Oleh: Karyudi Sutajah Putra
TRIBUNNEWS.COM - Entah siapa yang mulai menafsirkan “Jangka” atau Ramalan Jayabaya.
Atau sekadar “uthak-athik-gathuk”, ilmu “cocoklogi” atau mencocok-cocokkan Ramalan Jayabaya dengan peristiwa-peristiwa yang terjadi kemudian?
Yang jelas, Jangka Jayabaya hingga kini banyak yang meyakini masih bertuah.
Berdasarkan penafsiran itu, atau ilmu “cocoklogi” itu, beberapa ramalan Jayabaya yang sudah terbukti kebenarannya disebut antara lain "Pulo Jowo kalungan wesi" (Pulau Jawa berkalung besi), yang ditafsirkan sebagai rel kereta api di sepanjang Pulau Jawa yang dibangun sejak zaman Belanda.

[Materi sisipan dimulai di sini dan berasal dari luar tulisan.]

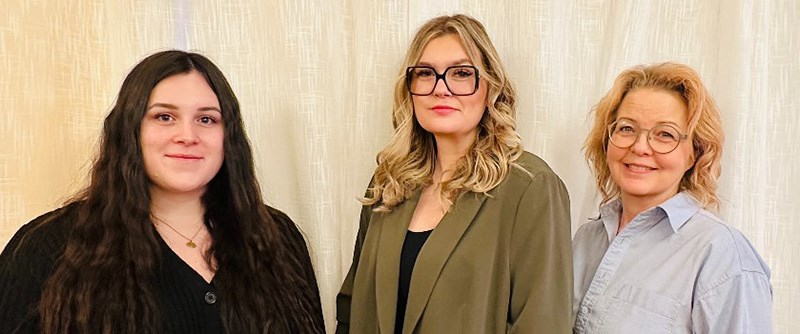 Izabelle Isaksson, vik. seniorsamordnare, Jennifer Sjölund, enhetschef och Camilla Frölander, seniorsamordnare. 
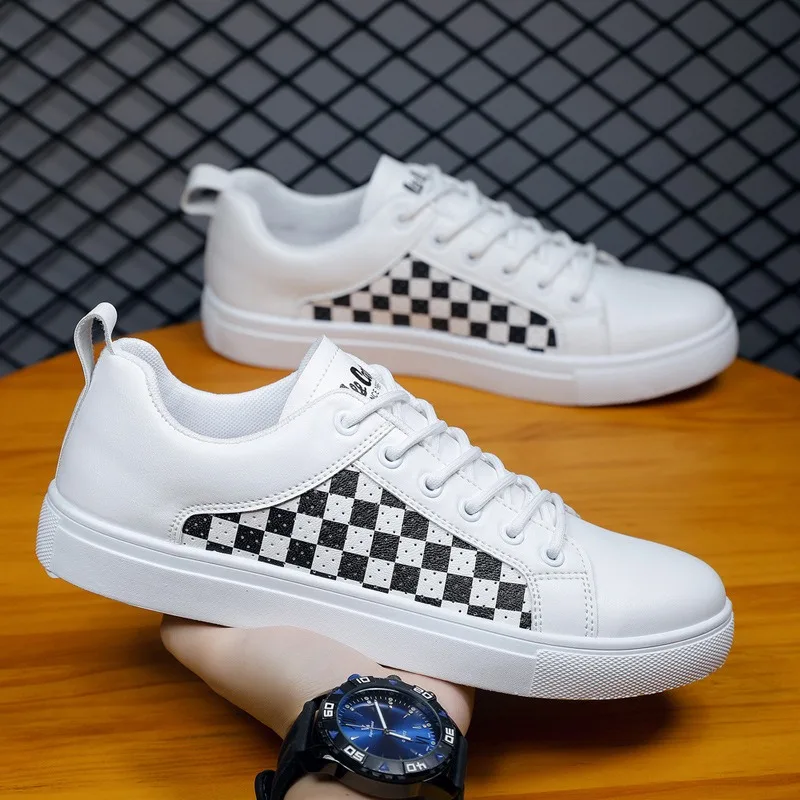 Plaid Leather Men Casual Shoes Outdoor White Men's Sneakers Comfort Male Flats Lace Up Jogging Breathable Board Shoes New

Lalu, "kreta tanpa jaran" (kereta tanpa kuda), yang ditafsirkan sebagai keteta api dan mobil; “prau mlaku ning awang-awang" (kapal berjalan di angkasa), yang ditafsirkan sebagai pesawat terbang; “Pulo Jowo dadi loro" (Pulau Jawa menjadi dua), yang ditafsirkan sebagai terpisahnya Pulau Jawa dan Pulau Sumatera akibat erupsi Gunung Krakatau yang terjadi pada 26 Agustus 1883; dan yang paling populer adalah Nusantara akan dipimpin oleh nama-nama yang inisialnya "No To No Go Ro".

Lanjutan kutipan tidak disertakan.